La présence - Fondation du doute. Wolf Vostell, Fandango (détail), 1975-1977. Collection Gino Di Maggio © Marie-Christine Sentenac, Fondation du doute, Blois, 2022.
Anonymat, collectif, anti-individualisme en sont les maîtres mots. Le musicien new-yorkais d’origine lituanienne, chef de file du groupe, réunissait autour de lui des personnalités aussi singulières et différentes par leurs origines que par leurs pratiques; Yoko Ono, John Cage, Wolf Vostell et Joseph Beuys (ennemis jurés), Georges Brecht, Robert Filliou, Allan Kaprow, Ben Patterson, Jean-Jacques Lebel… et BEN qui signe tout, du moindre objet trivial aux travaux des autres. On voit apparaître le Mail art (les créations plastiques font le tour du monde via le courrier postal, Ray Johnson envoie des milliers d’enveloppes à des célébrités ou des inconnus).
Daniel Spoerri, tableaux-pièges astro-gastronomiques, 1975. Collection Gino Di Maggio © Marie-Christine Sentenac, Fondation du doute, Blois, 2022.
Les Happenings, le Eat Art (Daniel Spoerri et ses tableaux-pièges, restes de repas, vaisselle, débris collés sur une table accrochée comme un tableau), l’Art vidéo (Nam June Paik, substitue l’écran de télévision à la toile), les performances (en 1952 John Cage compose 4’33 de…silence), le Minimalisme (économie de moyens), l’Art-amusement (actions de rue, boites de jeux…). « Fluxus ne peut pas être défini de trop près » dixit Dick Higgins.
© Marie-Christine Sentenac, Fondation du doute, Blois, 2022.
Ben ne tarit pas d’éloges sur ses compagnons de route et propose un tour dans les collections permanentes avant de faire visiter l’espace où il présente son Ego Indestructible dans le pavillon d’exposition construit dans la cour.
… « Fluxus c’est l’histoire d’une bande de ratés qui ont réussi à entrer dans l’histoire de l’art »… Ils ne sont plus nombreux à pouvoir le contredire ! « L’esprit Fluxus c’est se poser des questions. L’art vit dans l’ego et l’ego j’en ai marre…Tout ce qui veut survivre c’est de l’ego. »

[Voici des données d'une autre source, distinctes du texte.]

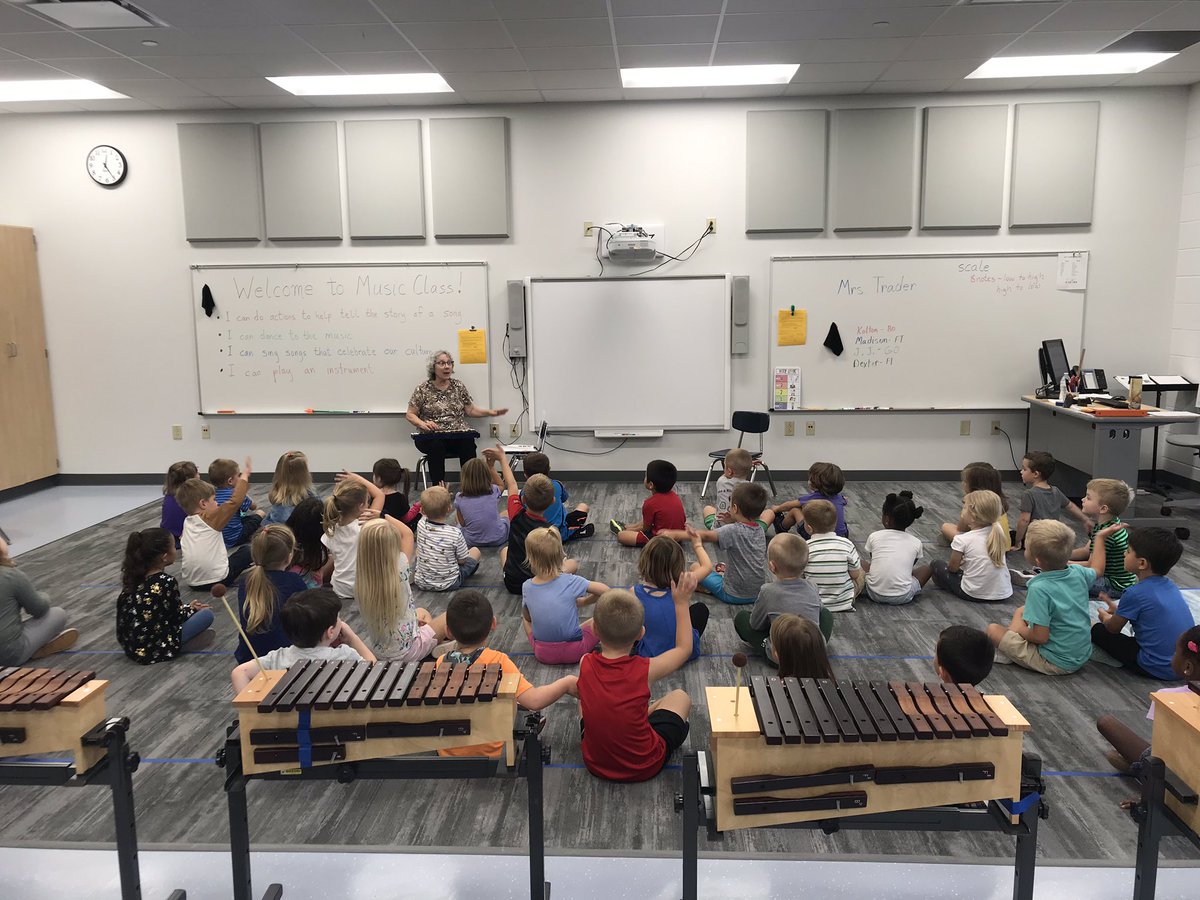 kellyannefitch's tweet photo. 4k’ers are loving music class with the fabulous Mrs. Trader! ❤️ 🎶 #ETlearningignitED https://t.co/PNvmZ6bg4e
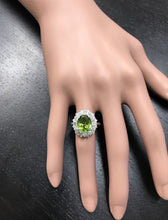 Load image into Gallery viewer, 4.85 Carats Natural Very Nice Looking Peridot and Diamond 14K Solid White Gold Ring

© Marie-Christine Sentenac, Fondation du doute, Blois, 2022.
Pour étayer son propos Ben brandit un petit carnet noir, titré de blanc (bien sûr) L’Ego Indestructible : « … je profite de cette expo à la Fondation du doute de Blois pour faire le point dans ma tête sur l’EGO et Fluxus … je jette à l’eau mes pensées comme elles me viennent, c’est des bêtises que j’ai écrites mais ça me plaît .»
Il commente les pièces ludiques qui enchantent les regardeurs et raconte mille anecdotes loufoques; « Sur la promenade des Anglais, assis sur un banc, je brandissais une pancarte : Je regarde passer les femmes…».

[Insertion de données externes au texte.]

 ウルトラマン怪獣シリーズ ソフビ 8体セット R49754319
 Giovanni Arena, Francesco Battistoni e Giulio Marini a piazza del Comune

© Marie-Christine Sentenac, Fondation du doute, Blois, 2022.
Ses souvenirs l’enchantent. «…Georges Brecht c’est le plus grand !…Un jour à New-York il a exposé dans une grande galerie un portemanteau, tout le monde y a accroché son vêtement et on cherchait son œuvre, (il rit), il a gagné, il a transformé son œuvre en vie, il a gagné. ».
Comme là je transforme SA pièce en vie, je suis assis sur SA chaise, appuyé sur SA table sans socle …C’EST RADICAL…»
Il adore décrire les concerts, l’origine du mouvement, performances où chacun pendant moins de deux minutes se soumettait aux applaudissements.
« Moi, je mettais la musique d’ Il était une fois dans l’Ouest. Je descendais dans la salle et je commençais à taper sur tout le monde. Les gens étaient interloqués puis bagarre générale, la musique s’arrêtait, je remontais sur scène, je saluais…au suivant…». Avec la complicité du directeur du lieu, Alain Goulesque, il mime les différents tableaux, à l’époque listés dans un répertoire où chacun puisait au gré de son humeur et de sa fantaisie une de ses pièces où celle d’un alter ego … de Robert Watts les partitions auxquelles on met le feu, le violon de Nam June Païk que l’on massacre devant une audience médusée … on pourrait l’écouter pendant des heures.
© Marie-Christine Sentenac, Fondation du doute, Blois, 2022.
Dans l’espace d’exposition où il étale son Ego Indestructible un tableau noir rempli de questions colorées, une grande table ronde « comme à Yalta », chaque place signalée par un carton (Roosevelt, Staline, Marcel Duchamp…) crayons et cahiers attendent le public qui peut siéger et poser des questions auxquelles Ben répondra. Elles sont épinglées aux murs.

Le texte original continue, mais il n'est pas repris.